## What needs to be done:
Omit the pictures found among the records and print everything else exactly as it stands.

## Exercise data:
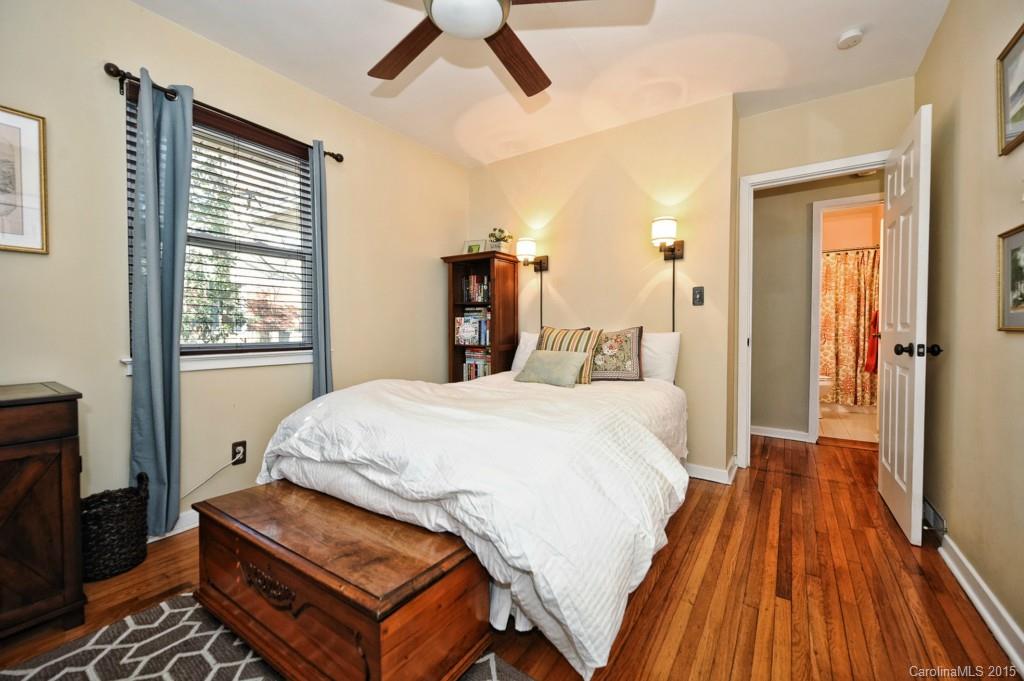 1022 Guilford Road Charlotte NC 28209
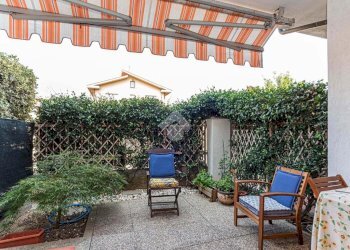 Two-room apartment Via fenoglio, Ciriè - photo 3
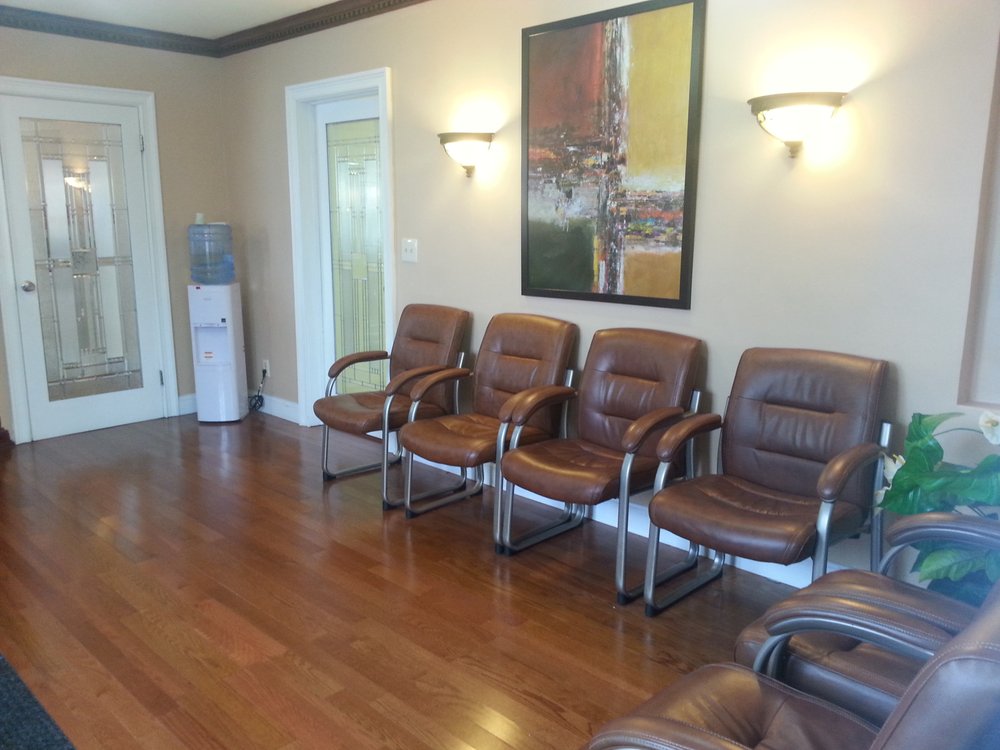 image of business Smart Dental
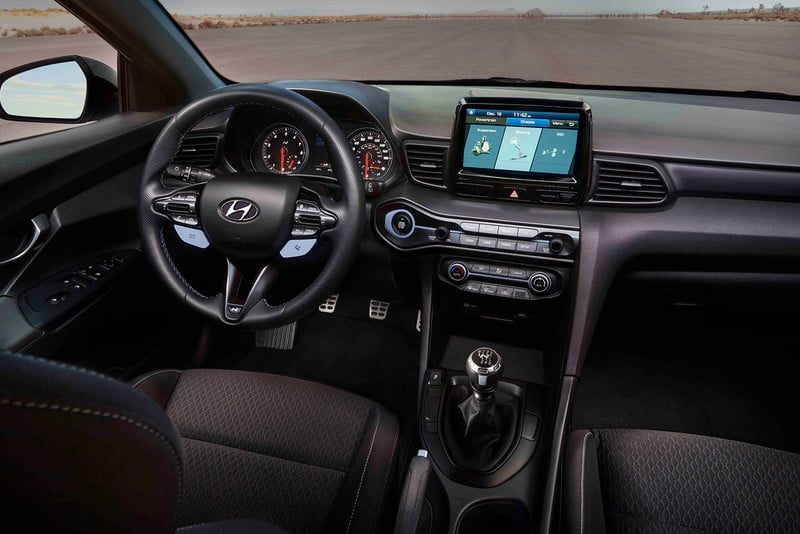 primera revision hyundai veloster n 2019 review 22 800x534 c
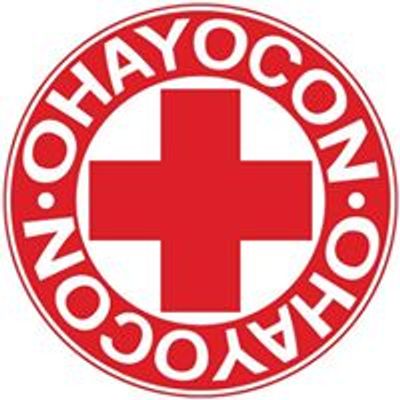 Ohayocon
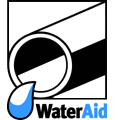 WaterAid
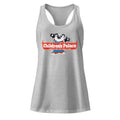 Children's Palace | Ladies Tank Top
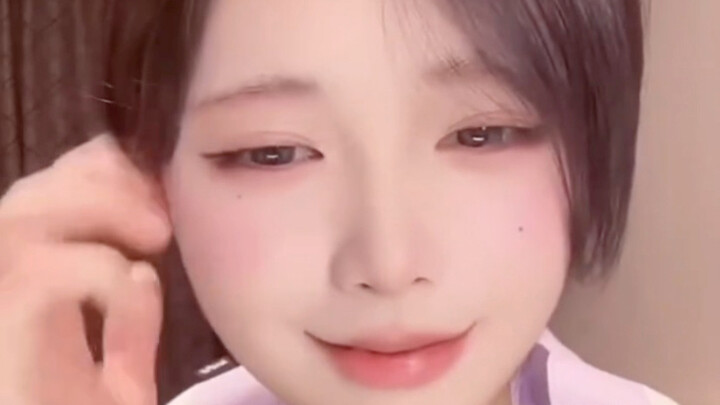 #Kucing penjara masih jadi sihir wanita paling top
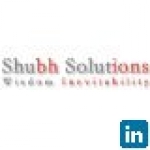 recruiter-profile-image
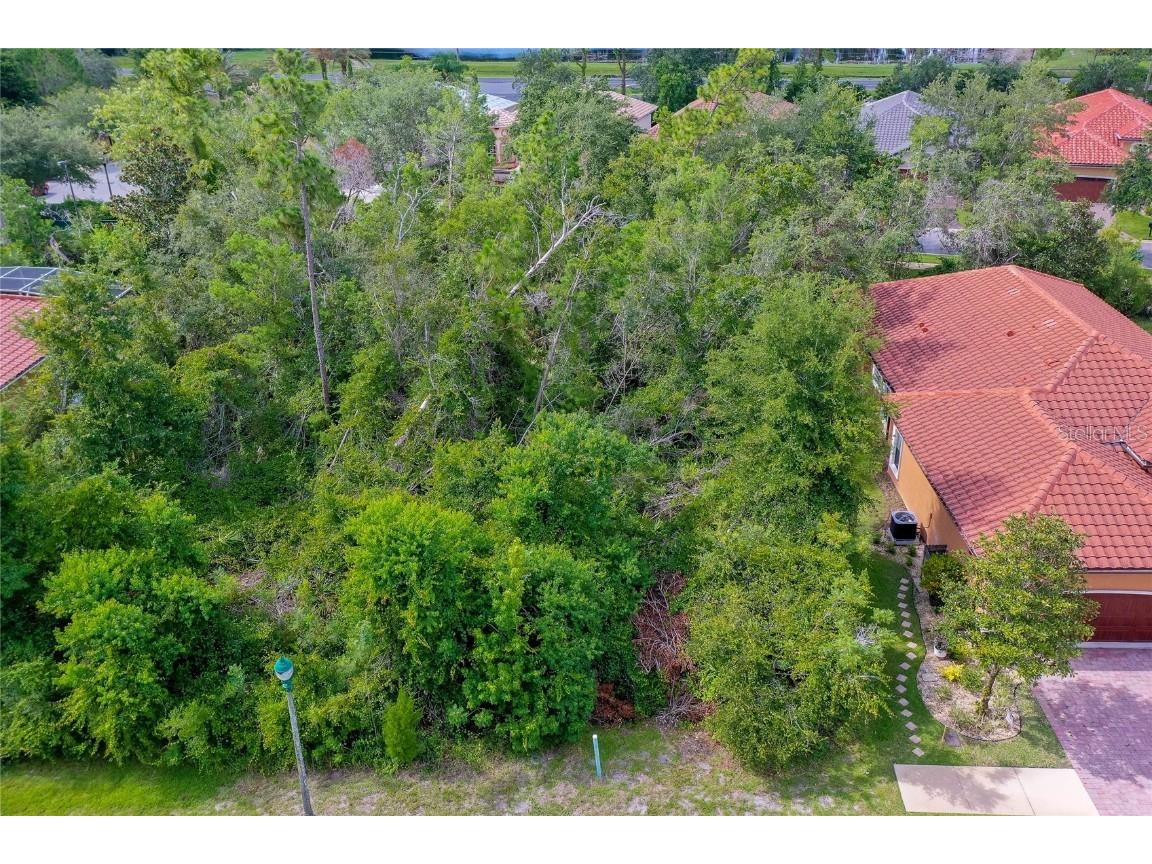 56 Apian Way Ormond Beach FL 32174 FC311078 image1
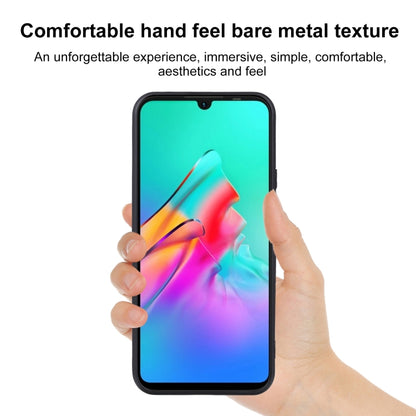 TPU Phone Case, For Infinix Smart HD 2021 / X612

## Response area:
 1022 Guilford Road Charlotte NC 28209
 Two-room apartment Via fenoglio, Ciriè - photo 3
 image of business Smart Dental
 primera revision hyundai veloster n 2019 review 22 800x534 c
 Ohayocon
 WaterAid
 Children's Palace | Ladies Tank Top
 #Kucing penjara masih jadi sihir wanita paling top
 recruiter-profile-image
 56 Apian Way Ormond Beach FL 32174 FC311078 image1
 TPU Phone Case, For Infinix Smart HD 2021 / X612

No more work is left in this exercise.